[[ Records provided open ]]
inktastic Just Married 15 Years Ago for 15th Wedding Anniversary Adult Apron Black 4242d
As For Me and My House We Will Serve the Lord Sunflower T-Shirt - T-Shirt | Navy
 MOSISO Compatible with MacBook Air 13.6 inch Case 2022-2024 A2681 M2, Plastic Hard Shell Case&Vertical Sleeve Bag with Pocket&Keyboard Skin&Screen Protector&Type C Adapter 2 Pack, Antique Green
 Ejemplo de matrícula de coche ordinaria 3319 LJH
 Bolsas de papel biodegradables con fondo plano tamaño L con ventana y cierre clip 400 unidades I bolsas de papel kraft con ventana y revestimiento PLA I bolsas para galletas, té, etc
[[ Records provided closed ]]
Work instructions: Using the exact wording, repeat all the entries.

Your response:
inktastic Just Married 15 Years Ago for 15th Wedding Anniversary Adult Apron Black 4242d
As For Me and My House We Will Serve the Lord Sunflower T-Shirt - T-Shirt | Navy
 MOSISO Compatible with MacBook Air 13.6 inch Case 2022-2024 A2681 M2, Plastic Hard Shell Case&Vertical Sleeve Bag with Pocket&Keyboard Skin&Screen Protector&Type C Adapter 2 Pack, Antique Green
 Ejemplo de matrícula de coche ordinaria 3319 LJH
 Bolsas de papel biodegradables con fondo plano tamaño L con ventana y cierre clip 400 unidades I bolsas de papel kraft con ventana y revestimiento PLA I bolsas para galletas, té, etc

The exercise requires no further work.